GREENSBORO, N.C. -- The Humane Society of the United States hosted Lobby Day meetings throughout the state today, including in Guilford County. One goal was to gather support for an anti-puppy mill bill in North Carolina.
House Bill 930 passed the State House last year but is now stalled in the State Senate.
Guilford County Humane Society leader Summer Connor said, "In the past four weeks alone we’ve had three major puppy mill busts. These things happen because there are no laws in place to protect those animals."
Connor says the proposed law "requires the very basics." It establishes standards of care for large commercial dog breeding facilities.
The bill primarily requires fresh food and water, daily exercise, appropriate veterinary care and sanitary shelter at any site where ten or more female dogs are bred.

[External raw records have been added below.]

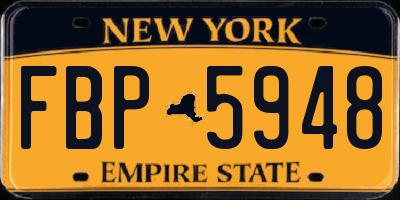 NY license plate FBP5948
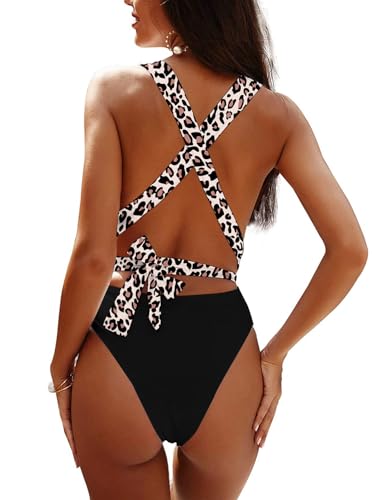 Image of Lilosy Sexy Tie Criss Cross Plunge One Piece Thong Swimsuit High Cut Brazilian Bathing Suit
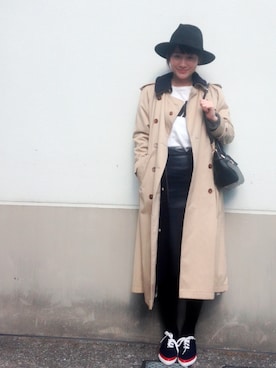 「ベージュのコート」｜「アイテム（帽子）」を使った、田山総子さん（レディース・160cm）の冬コーディネート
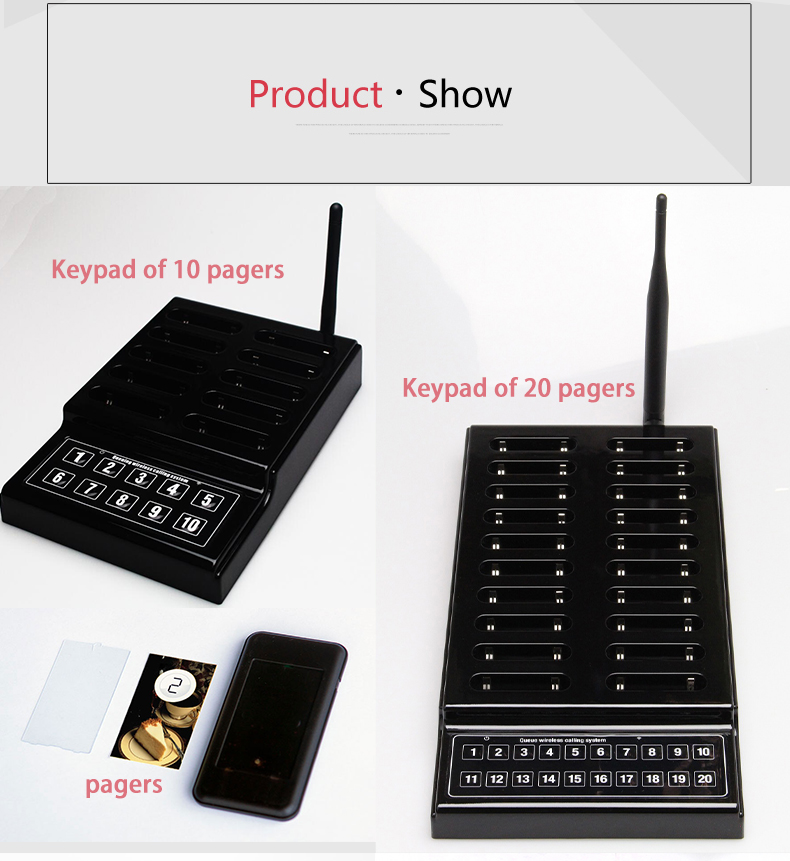 Long range 433Mhz free code 20 pagers wireless queue calling system for restaurant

"It’s kind of stuck in limbo," Connor said of the bill. "We have a lot of support on the House side but not quite as much on the Senate side."
After getting resistance last year, language was written into the bill to exclude hunting, sporting and show dogs.
The American Kennell Club opposes the bill.
In a statement to FOX8 Friday, a spokesperson explained, "The American Kennel Club believes that devoting more resources to enforcing current laws is a better solution than more regulation. North Carolina’s Animal Welfare Act already provides laws to govern the care of animals. Recent law enforcement actions against substandard kennels demonstrate that these laws work. The priority should be on providing local law enforcement with the resources they need to properly enforce these laws."
FOX8 also reached out to Senator Phil Berger for more information about why the bill is not passing through the Senate.
His communications office pointed us to statement from January that said "unethical tactics derailed the puppy mill bill."
"Senate leaders recently became aware that a group of individuals secretly recorded a private conversation with a senator about the prospects for a puppy mill bill. The individuals then used the recording in an attempt to politically extort lawmakers into doing exactly what they demanded," the release said.
Marsha Williams, Guilford County's Animal Shelter director, believes the law would help in North Carolina.
"Animal shelters are inspected every day. So if someone had hundreds of animals on their property living in deplorable conditions, not getting basic needs… the animals don’t have a voice. We need to be the voice for the animals," she insisted.
Williams' team of employees and volunteers is currently caring for dozens of dogs and puppies rescued from suspected mills.
Some will be available for adoption this weekend. Williams says they are healing physically and emotionally.